> **What you will do**: For this exercise, please transcribe exactly and only the lines from the one containing "Detail Gallery Image" through the end of the material, both ends included, without pictures.

> **Given data**:
Start of Block

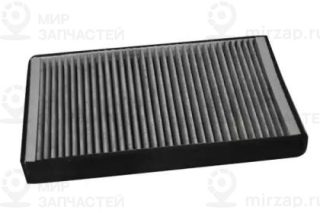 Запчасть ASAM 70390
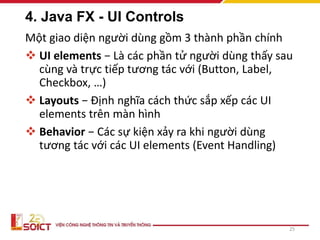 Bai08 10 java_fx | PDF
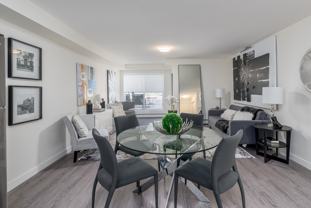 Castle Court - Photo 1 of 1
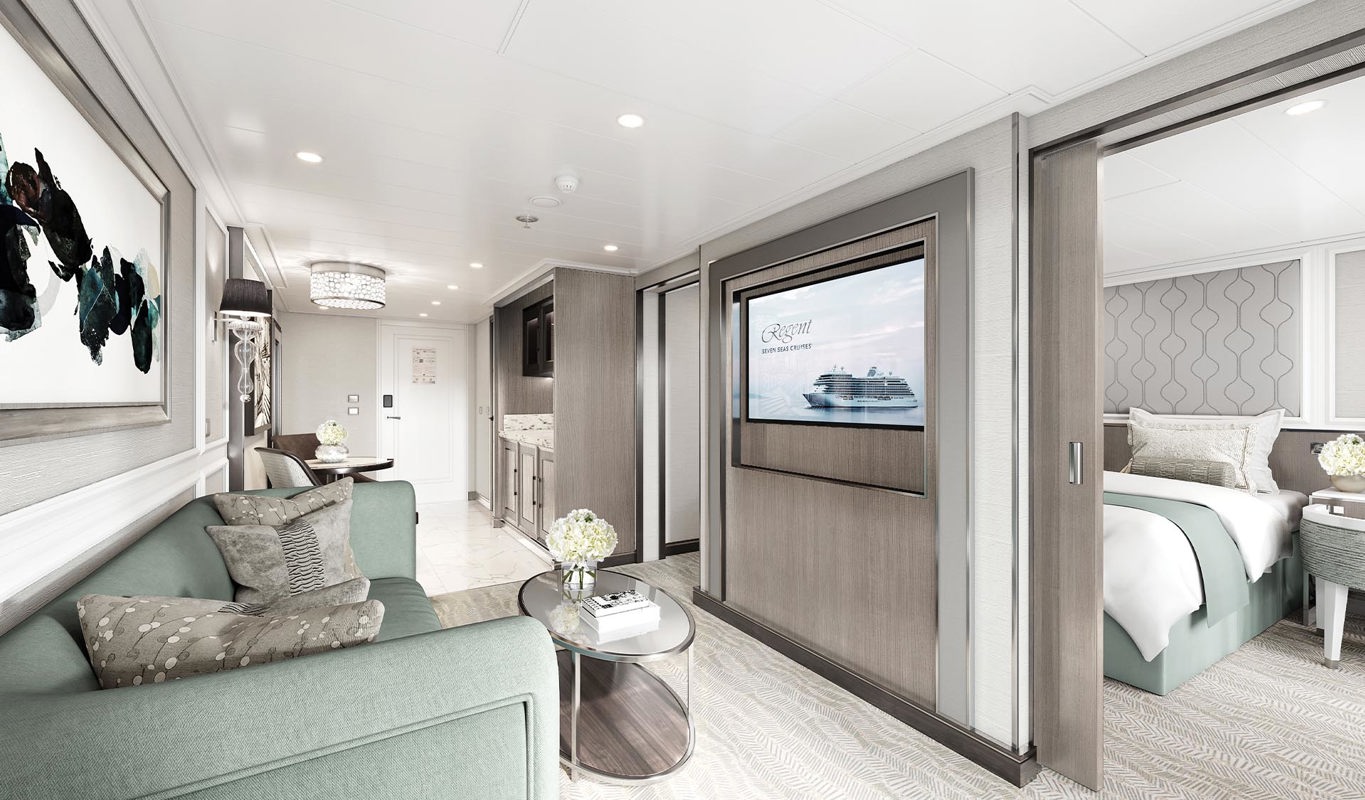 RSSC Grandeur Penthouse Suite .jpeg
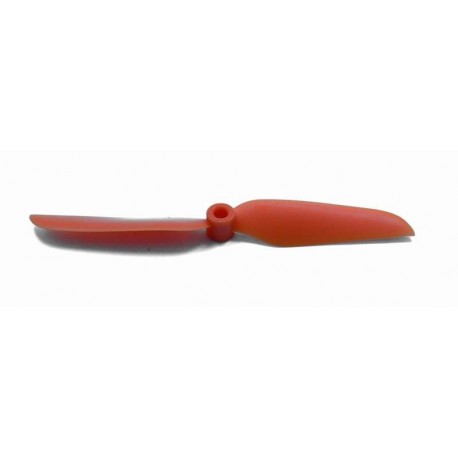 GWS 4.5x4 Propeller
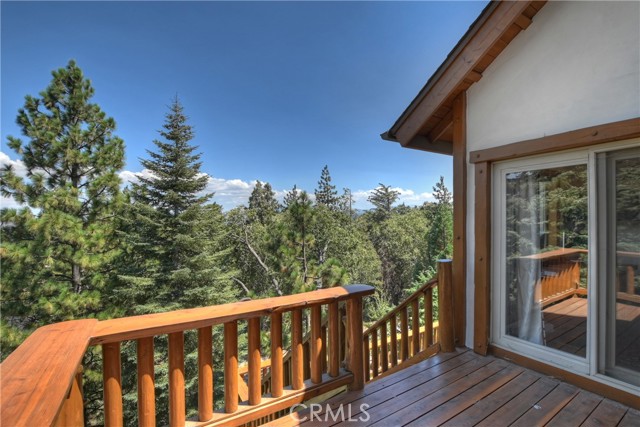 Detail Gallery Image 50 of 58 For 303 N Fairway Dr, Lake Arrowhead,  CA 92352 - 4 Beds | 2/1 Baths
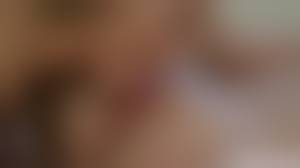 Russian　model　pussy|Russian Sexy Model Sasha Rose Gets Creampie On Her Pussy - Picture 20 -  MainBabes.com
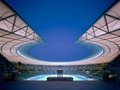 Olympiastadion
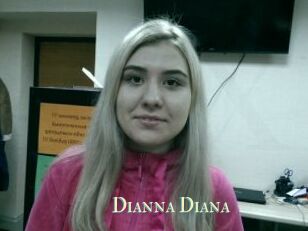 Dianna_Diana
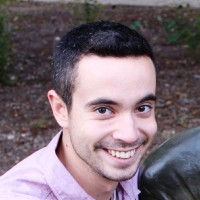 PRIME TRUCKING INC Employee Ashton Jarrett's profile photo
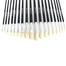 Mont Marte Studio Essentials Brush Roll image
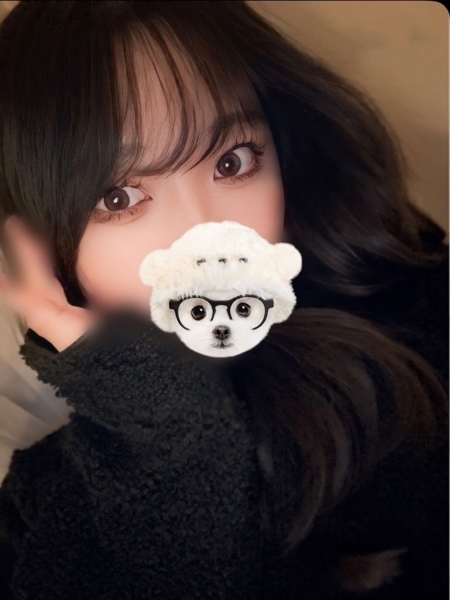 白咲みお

End of Block

> **Answer to this task**:
 Detail Gallery Image 50 of 58 For 303 N Fairway Dr, Lake Arrowhead,  CA 92352 - 4 Beds | 2/1 Baths
 Russian　model　pussy|Russian Sexy Model Sasha Rose Gets Creampie On Her Pussy - Picture 20 -  MainBabes.com
 Olympiastadion
 Dianna_Diana
 PRIME TRUCKING INC Employee Ashton Jarrett's profile photo
 Mont Marte Studio Essentials Brush Roll image
 白咲みお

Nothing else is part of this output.